The defense industry “only has one customer that matters,” Thompson said. The “opportunity for sustaining a broad-based industrial complex in a period of declining demand is not very good.”
Despite the potential limitations on consolidation, there are growing signs that companies are bracing for change.
Falls Church-based Northrop Grumman made what was largely considered the last deal in the previous round of consolidation, picking up TRW in 2002 to cement its spot as one of the biggest of the big. The deal capped off years of major acquisitions, including Newport News Shipbuilding.
But less than a decade later, Northrop began taking apart the massive company, first selling off its advisory services unit Tasc in 2009 to address potential inner-company conflicts of interest, and then in 2011, spinning off its shipbuilding business, which is now known as Huntington Ingalls.
Northrop’s moves predated the more recent spinoffs and separations by government contractors. McLean-based Science Applications International Corp. last year split itself into two companies: a technology business focused in areas such as national security and health, and a government services business.
More recently, Exelis announced it is spinning off its government services unit into a public company, following in the steps of L-3 Communications, which spun its government services unit off into Chantilly-based Engility in 2012.
Dowdy said many companies are taking a hard look at businesses that didn’t require as much attention in the previous decade.
“We had 10 years of year-on-year defense budget increases,” he said. “When the budget just keeps going up, up, up ... strong businesses do well, OK businesses do well and even poor businesses do well.”
These early deals are setting the stage for a defense industry reshaping. Many existing companies are simply too large and bulky to be bought, pushing them to spin off or sell units. Companies can shed divisions that are no longer profitable or fit with their portfolios and find complementary capabilities in another contractor’s unwanted units.
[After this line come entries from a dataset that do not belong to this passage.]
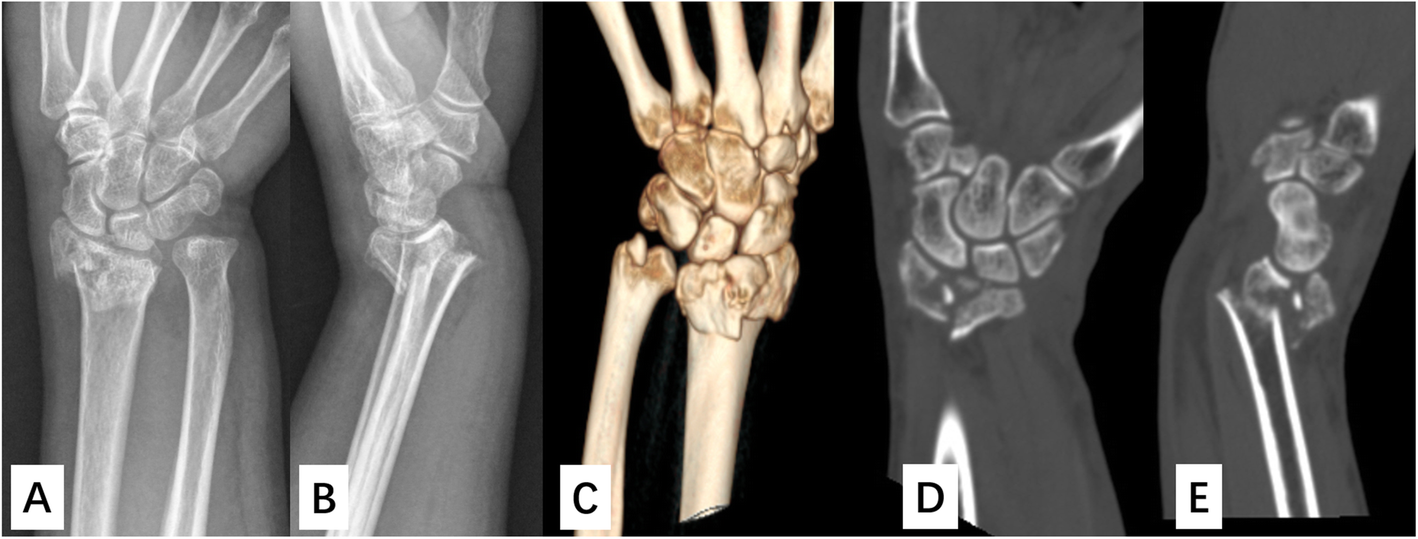 Fig. 1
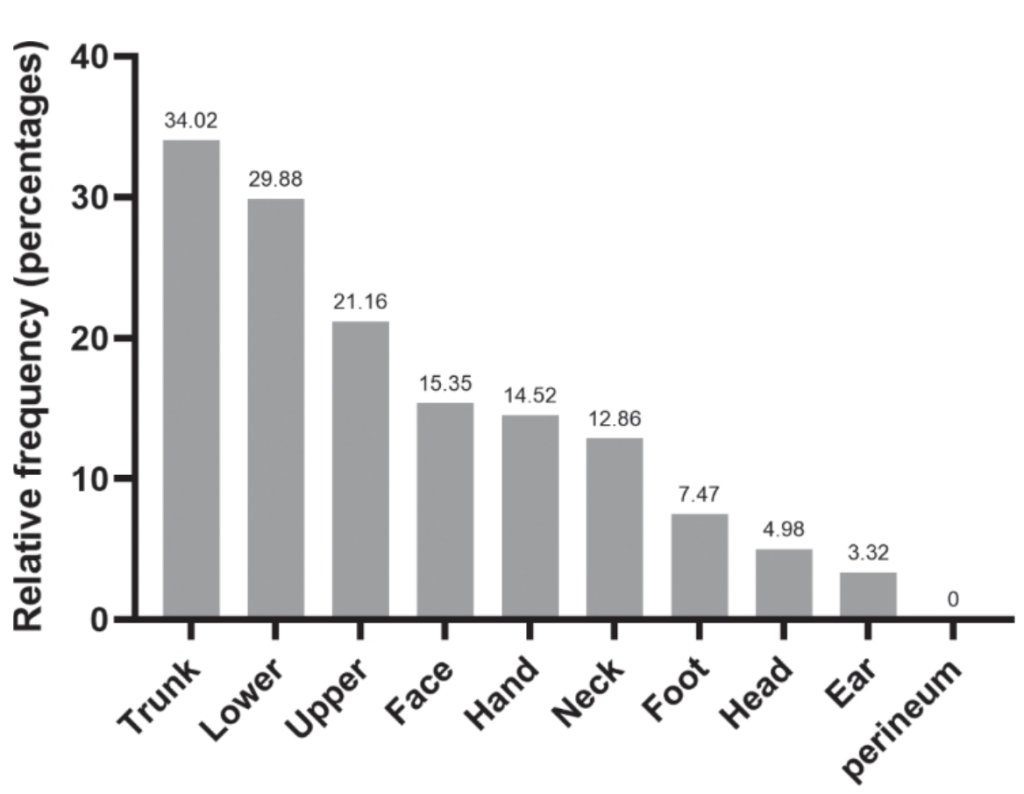 Eczéma atopique : et vous ? Quand vous grattez vous ?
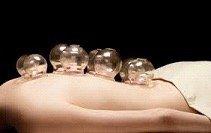 Cupping  is used for pain, blood flow, inflammation, relaxation and well being.  A type of deep tissue massage.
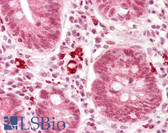 Anti-DNMT3A Antibody (aa170-220) IHC-plus LS-B7240
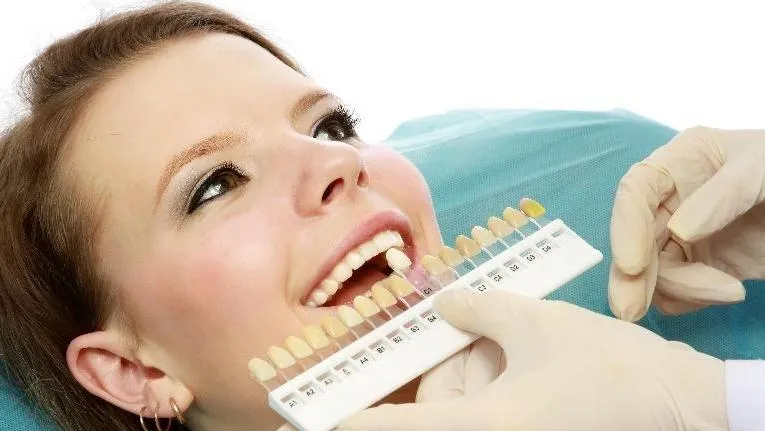 32445 in office teeth whitening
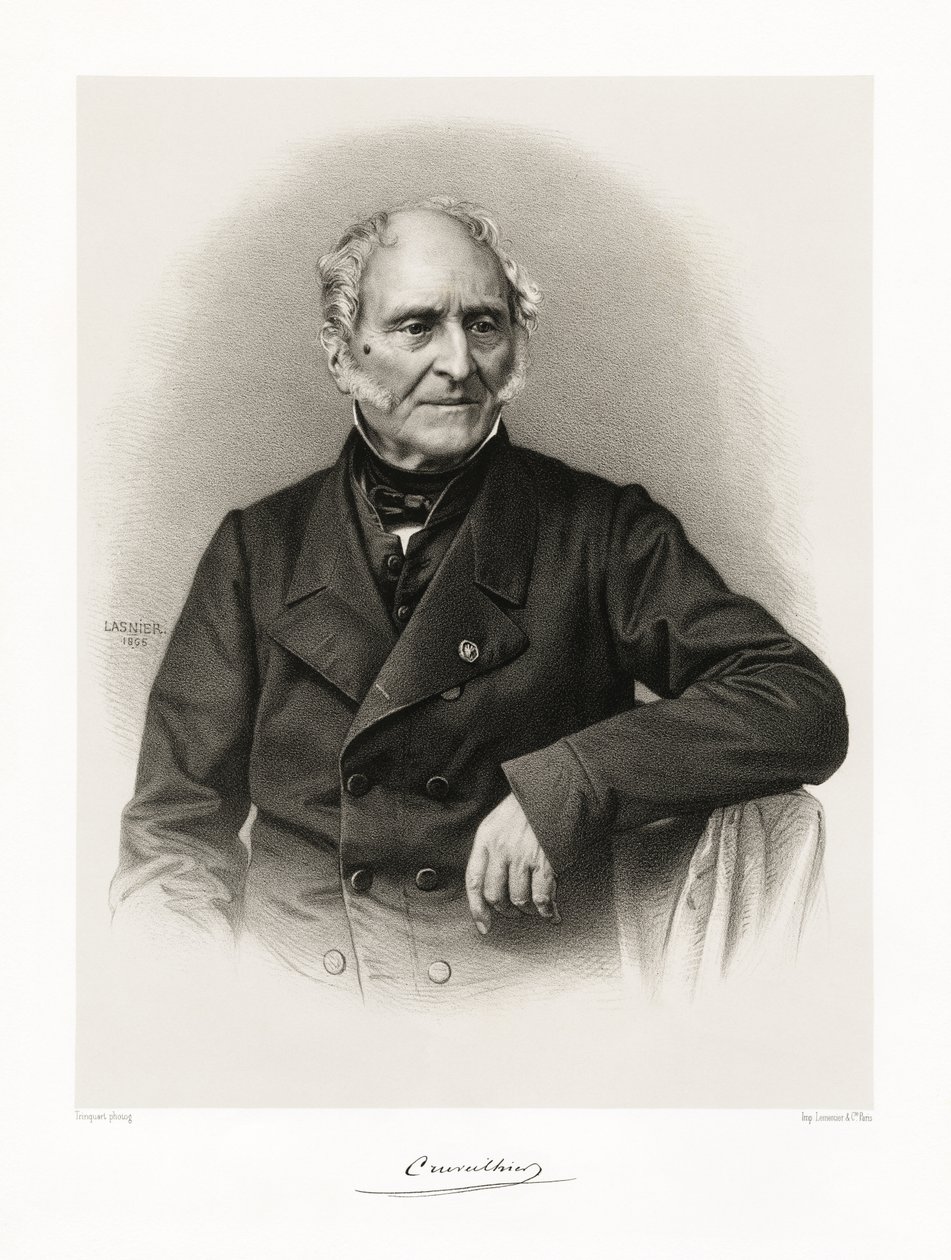 Jean Cruveilhier da Lasnier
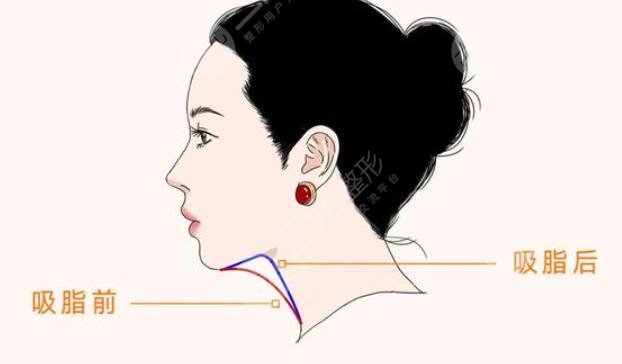 下頜緣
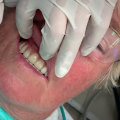 Brushing and Flossing with All on Four Dental Implants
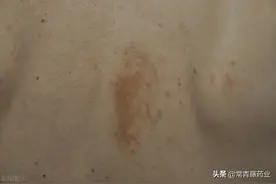 皮肤瘙痒、水泡、红斑、肿胀、死皮，湿疹用什么药好得最快最有效图片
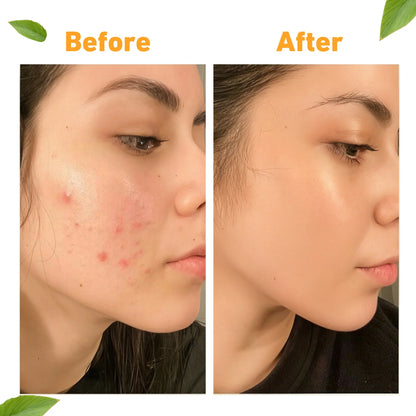 Super Bright Vitamin C16 Serum (Clear, Even Tone & Super Bright Skin)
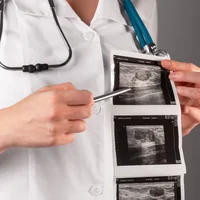 fibroadenomes-mammaires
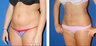Liposuction Before & After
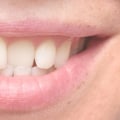 Is there another way to straighten teeth without braces?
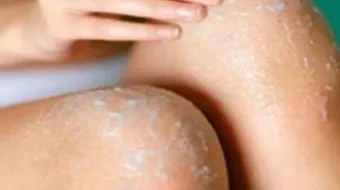 كيف أزيل سواد الركب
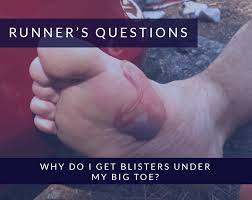 Unlike friction blisters that contain a clear liquid, blood blisters contain a red fluid. Why Do I Get Blisters Under My Big Toe Alexandra Sports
In particular, analysts say, the opportunity is greater for services companies, which have proliferated in the past decade as the government increasingly relied on contractors to provide federal labor.
It’s early to speculate on who might be bought, but Thompson pointed to Northrop, a leader in reshaping already, as a potential target. (Northrop declined to comment, noting that it does not participate in industry consolidation or acquisition stories).
Even though reshaping this time around is likely to be quite different, there are lessons from the 1990s on how to come out on top.
Augustine, who made sure his company was a buyer, not a seller, credited preparation.
By the time it was clear to many companies consolidation was coming, “we already had a leg up because we had saved a bunch of money and we pretty well knew what we were going to do,” said Augustine, who went on to eventually serve as chief executive of Lockheed Martin.
When contractors approached the merged company about potential acquisitions, its executives already had a binder on each business with its financial data, products and leadership, he said.
“We were ready to make decisions,” Augustine said. “We could tell you tomorrow whether we were interested.”
Dowdy, too, said the aggressive movers are likely the ones who will survive a reshaped defense market.
“One of the very clear lessons is move early to win, and the opposite of that is hunker down ... You can’t just say, ‘I’m just going to last this out,’” Dowdy said. The companies working “to push their margins up and start cleaning up their portfolio are, I would argue, the ones who are going to come out the other side.”
Thompson said that those who lead the merger wave “get to pick and choose.”
“You go later, you get the leftovers,” he said.
Even though a downturn appears bleak to many contractors, Augustine contends that it provides a real opportunity to put together a better company.
“In the good times, we never could have built Lockheed Martin,” he said. “None of these companies would have been for sale.”